Recent signs are not overly encouraging. During 2007, nominal expenditure growth accelerated to 35% versus 18% in 2004. Much of this went on increased pension and public sector wage payments. Indeed, since the start of President Vladimir Putin's first term, public sector headcount has increased by over half without an equivalent increase in government output. Despite higher numbers of public workers, public services remain very poor, a problem that the presidential administration acknowledges. Authorities are also trying to kick-start a three-year infrastructure plan, which may partially be funded by drawing down on the Fund of National Prosperity. While very sizeable commitments to investment spending are likely to be made, authorities have not fully explained how they will supervise the quality of procurement and project management for what are in some cases enormous construction projects. The risk is that public funds will be wasted.

Where credit is due

Of course, it is not only oil that's created so much wealth so quickly. Starting in the second half of 2005, Russia's financial sector began funding itself externally with renewed vigour as authorities liberalized the capital account. Since then, credit growth has surged to an average annual rate of 45%, further contributing to the growth of domestic demand, which has exceeded headline GDP growth for the last three years.

The increased willingness of the Central Bank of Russia to permit the rouble to appreciate has allowed monetary authorities to limit the impact on the money supply, despite the complications from the need to provide liquidity to the commercial banking system. Nevertheless, oil and gas related windfalls have been pushing up money growth for much of 2007 and early 2008 - as recently as the end of January 2008 M0 was expanding at near 55% (before falling back in the following few months). Structural forces, most patently underinvestment in the non-energy sectors, also explain stubbornly high inflation, which touched a six-year high of 15.1% year-on-year in May. In the past, public debate on macroeconomics in Russia began and ended with the budget. However politicians are now openly referring to the 'inflation tax,' the 'wage-price spiral', and 'overheating' as among Russia's most pressing problems. The first response is likely to be monetary, as permitting the rouble to trade more freely will help to calm imported inflation and slow down growth of monetary aggregates. The fiscal question is, as always, more politically sensitive.

While Russian prosperity has returned, it is only partially attributable to improvements in total factor productivity. Accumulating evidence of overheating and the very patchy record on oversight raise concerns about what Russia will do with its enormous windfalls.

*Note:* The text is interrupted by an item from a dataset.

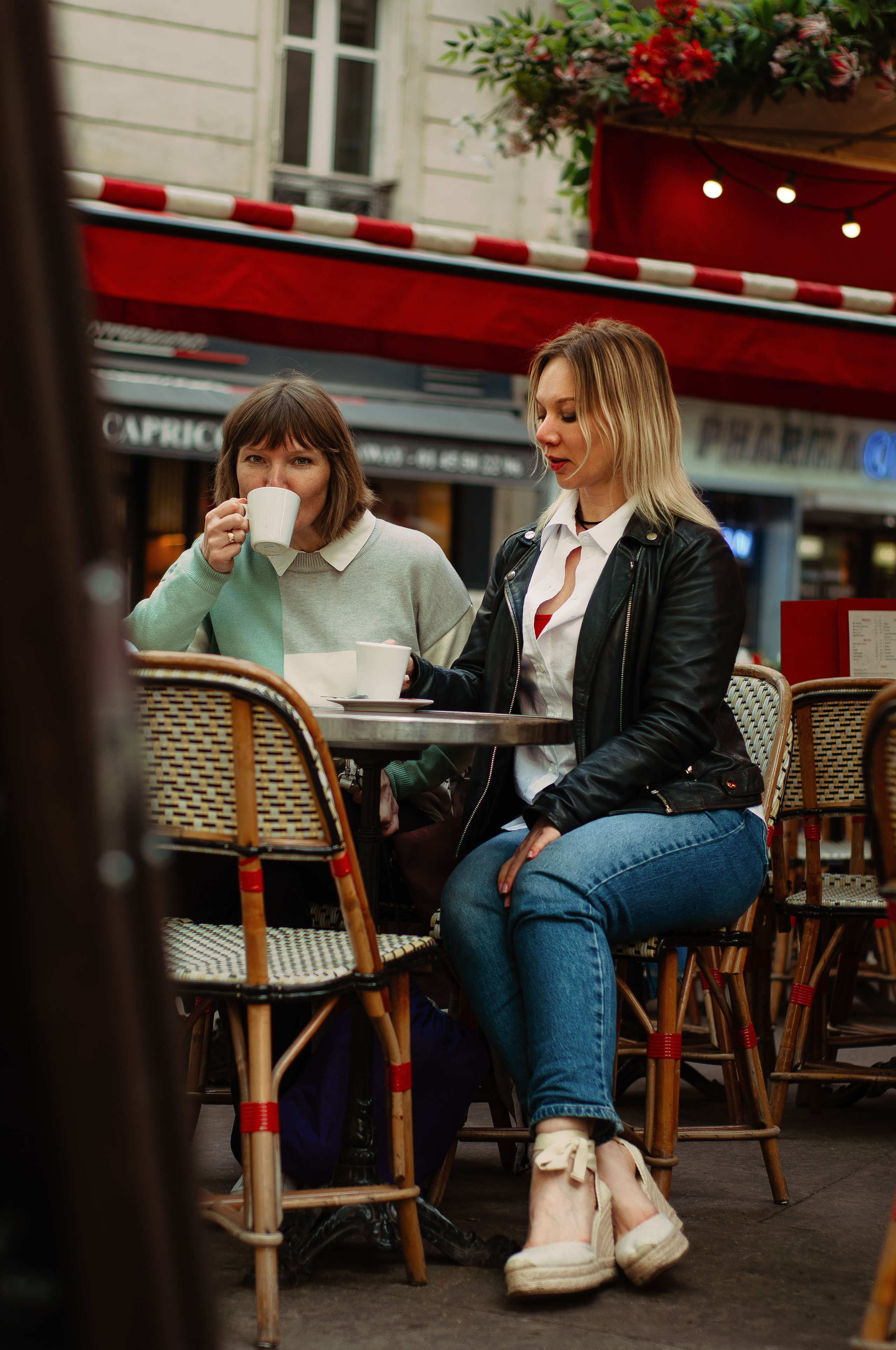 Фотосессия для подруг. Фотограф в Париже Полина Осипова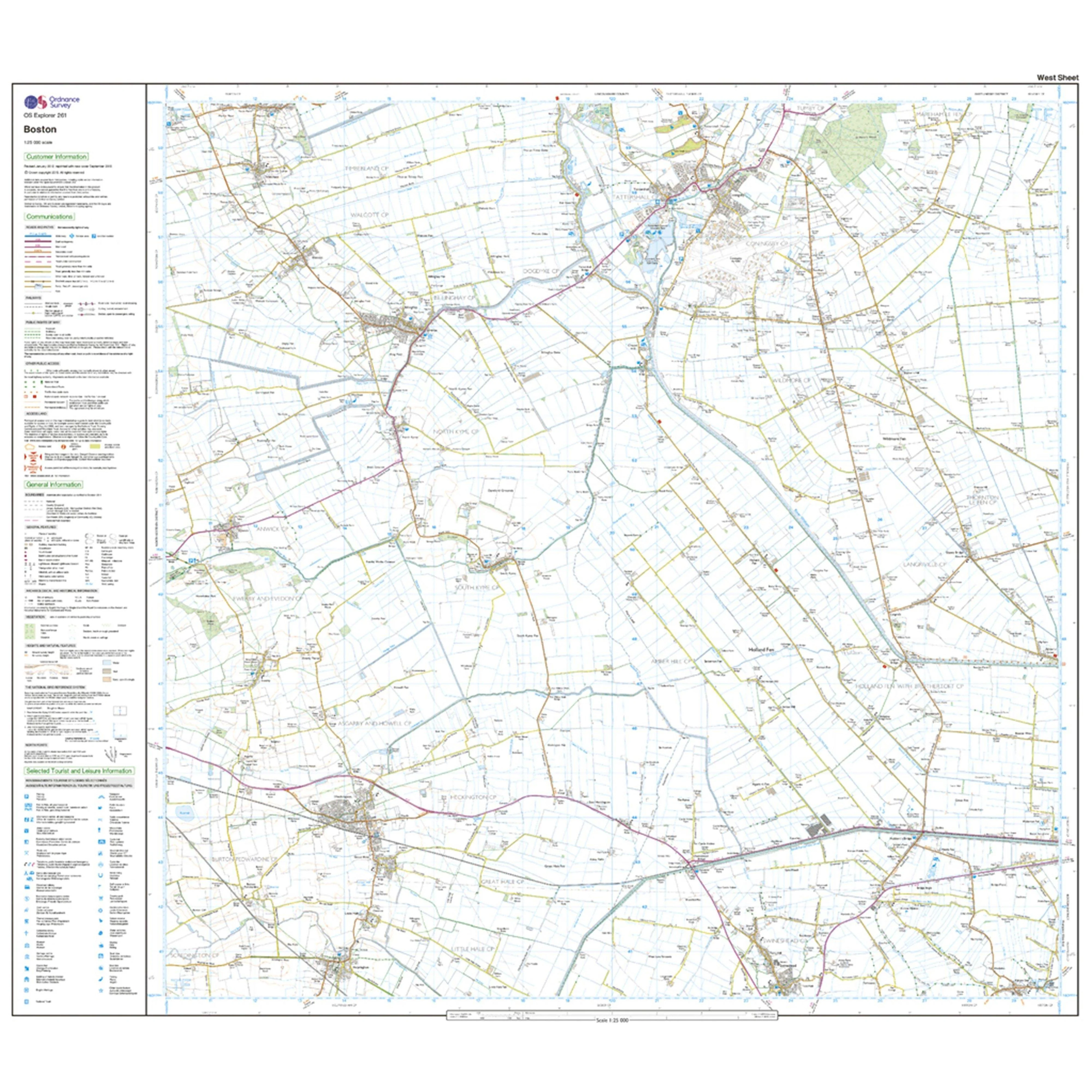 Explorer Active 261 Boston Map With Digital Version - Image 4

Standard & Poor's Ratings Services sovereign rating for Russia should be interpreted narrowly as a measurement of the probability of default on obligations of the Russian Federation (foreign currency BBB+/Positive/A-2; local currency A-/Positive/A-2). The positive outlook on the rating ought not to be read as a clean bill of health for an economy that continues to be weighed down by corruption, uncertain property rights, and heavy bureaucracy. Russia's potential has always been huge. So far, its delivery has failed to live up to that potential. Most recently the newly elected President Dmitry Medvedev has promised liberalization in various sectors and a greater willingness to encourage foreign investment. For Russia's sake, let's hope that he means it.